Assignment. Only the text should come through, so restate the listing exactly and drop its images.

Data section.
- Opening Delimiter -

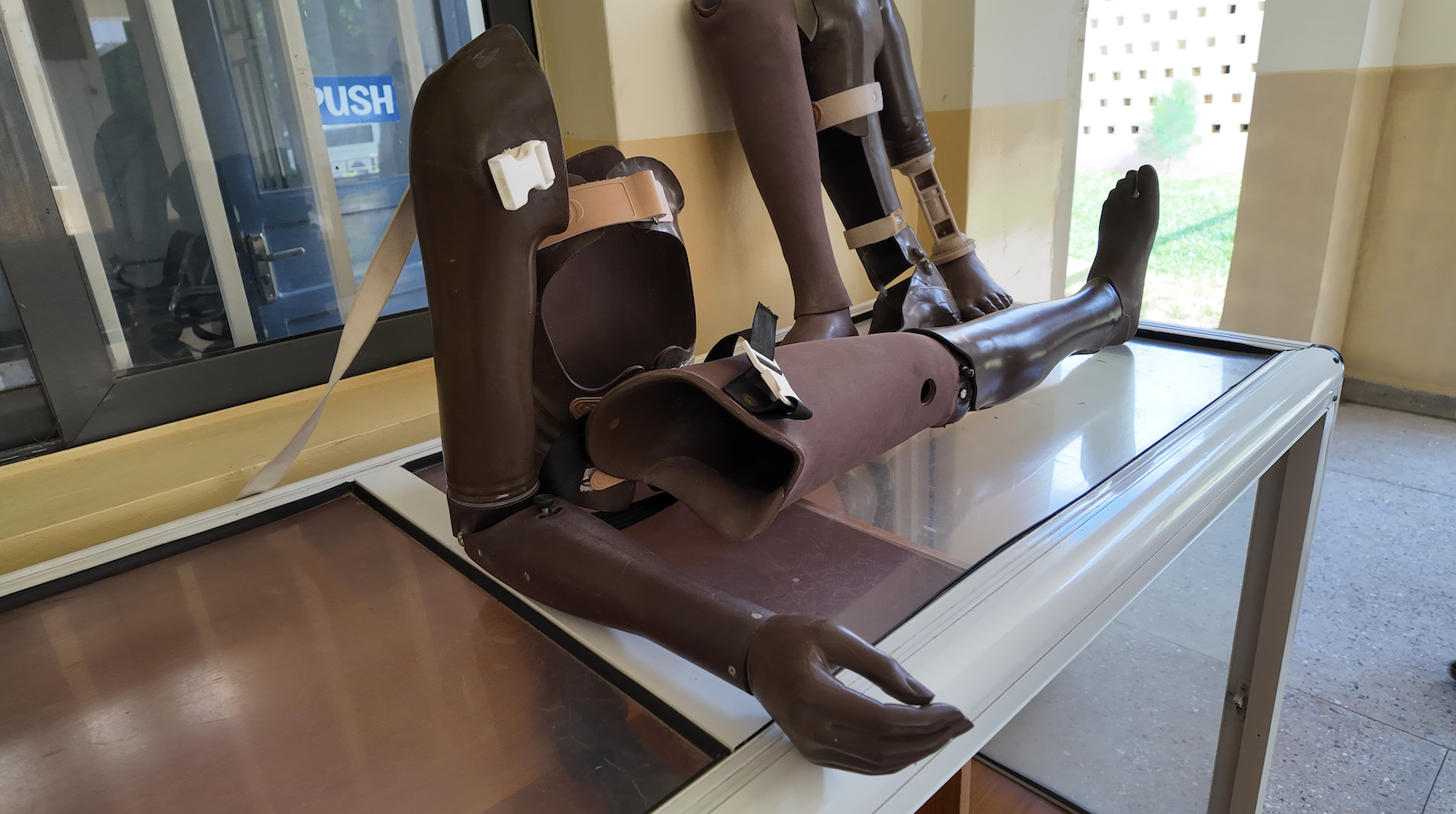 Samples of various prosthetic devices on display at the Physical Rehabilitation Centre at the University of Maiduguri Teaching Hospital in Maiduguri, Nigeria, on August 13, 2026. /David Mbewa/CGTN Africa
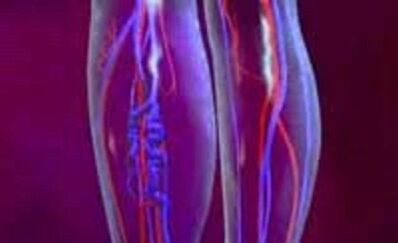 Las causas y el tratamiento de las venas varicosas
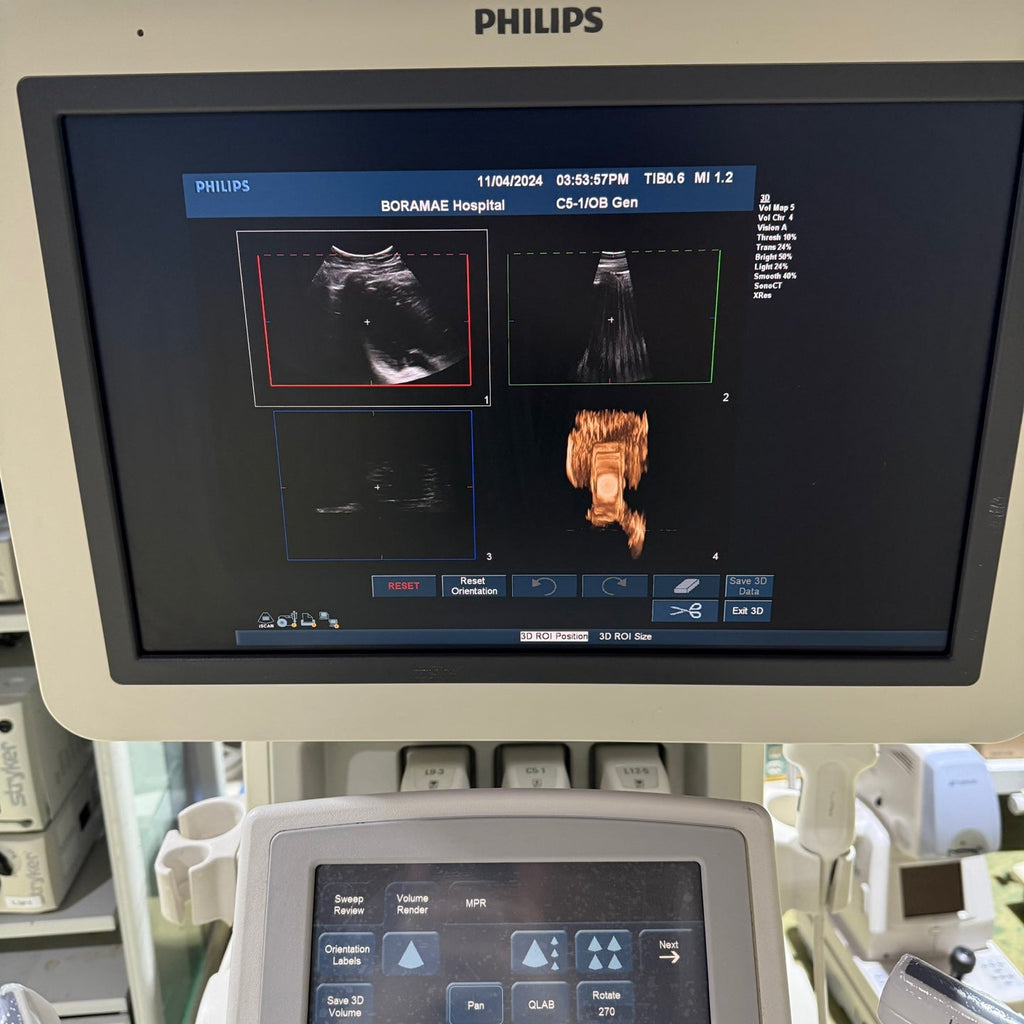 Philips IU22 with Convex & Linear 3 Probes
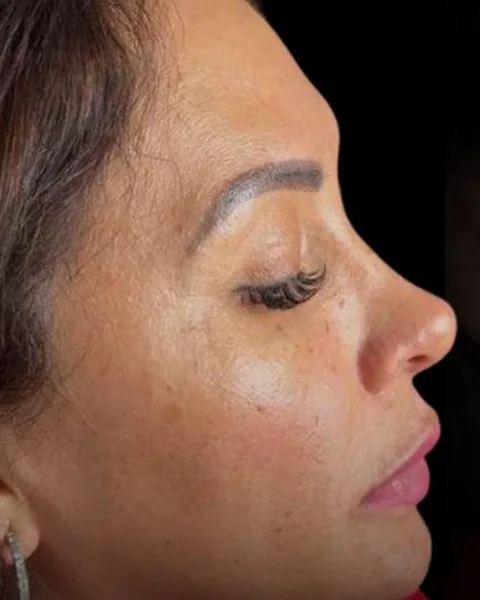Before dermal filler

- Closing Delimiter -

Solution to this exercise.
 Samples of various prosthetic devices on display at the Physical Rehabilitation Centre at the University of Maiduguri Teaching Hospital in Maiduguri, Nigeria, on August 13, 2026. /David Mbewa/CGTN Africa
 Las causas y el tratamiento de las venas varicosas
 Philips IU22 with Convex & Linear 3 Probes
Before dermal filler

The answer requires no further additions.